Pre-requisites for Monitoring the Microsoft Azure Entra ID

As mentioned already, you need to fulfill the following pre-requisites to enable the eG agent to monitor Microsoft Entra ID:

1. The eG agent should be configured to use the Microsoft Graph API for collecting metrics from Microsoft Entra ID. For this purpose, you need to do the following:

   • Register an Application with an Microsoft Entra ID Tenant;

   • Determine the Tenant ID, the Application (Client) ID and Secret Key value associated with the registered Application;

   • Assign API permissions to the registered Application;

   Refer to Configuring the eG Agent to Monitor Microsoft Azure Entra ID Using Microsoft Graph API topic to know how to perform each of the steps discussed above.

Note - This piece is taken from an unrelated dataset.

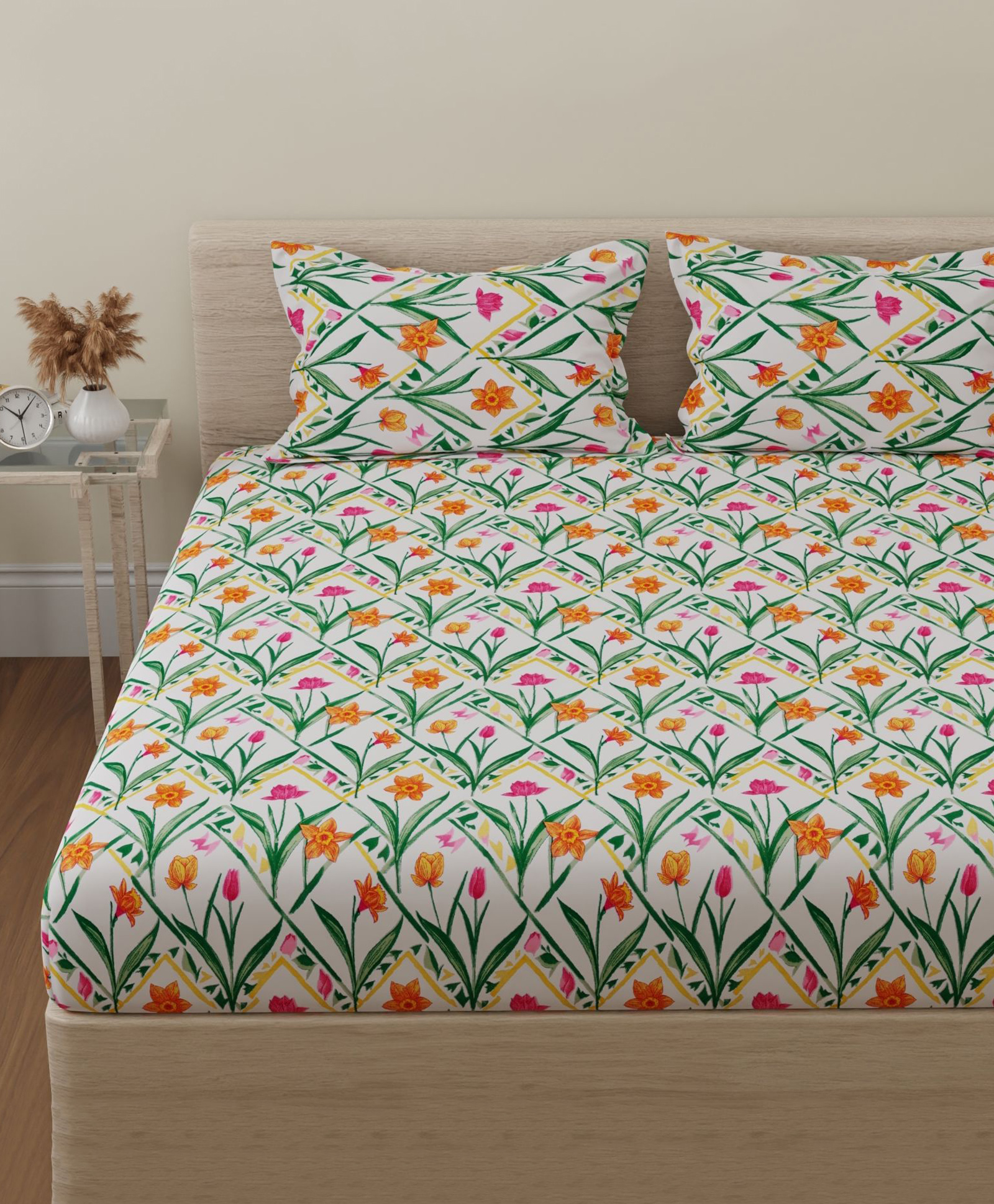 HUESLAND by Ahmedabad Cotton 144 TC Bedsheet for King Size Bed with 2 Pillow Covers | Botanical Chevron | Green, Yellow & White | 108 by 108 inch-picture-20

2. The eG agent should be configured to read from logs sent to a Log Analytics Workspaces. To achieve this, refer to Configuring the eG Agent to Read Logs Sent to Log Analytics Workspacestopic .

3. Furthermore, for some of the eG tests to run and report metrics, the eG agent should be allowed access to the following endpoint URLs:

   • https://westus2.api.loganalytics.io

   • https://login.microsoftonline.com

   • https://graph.microsoft.com

   • https://login.windows.net

   • https://management.azure.com

   If the eG agent is behind a firewall, then make sure that the firewall is configured to allow access to the aforesaid URLs.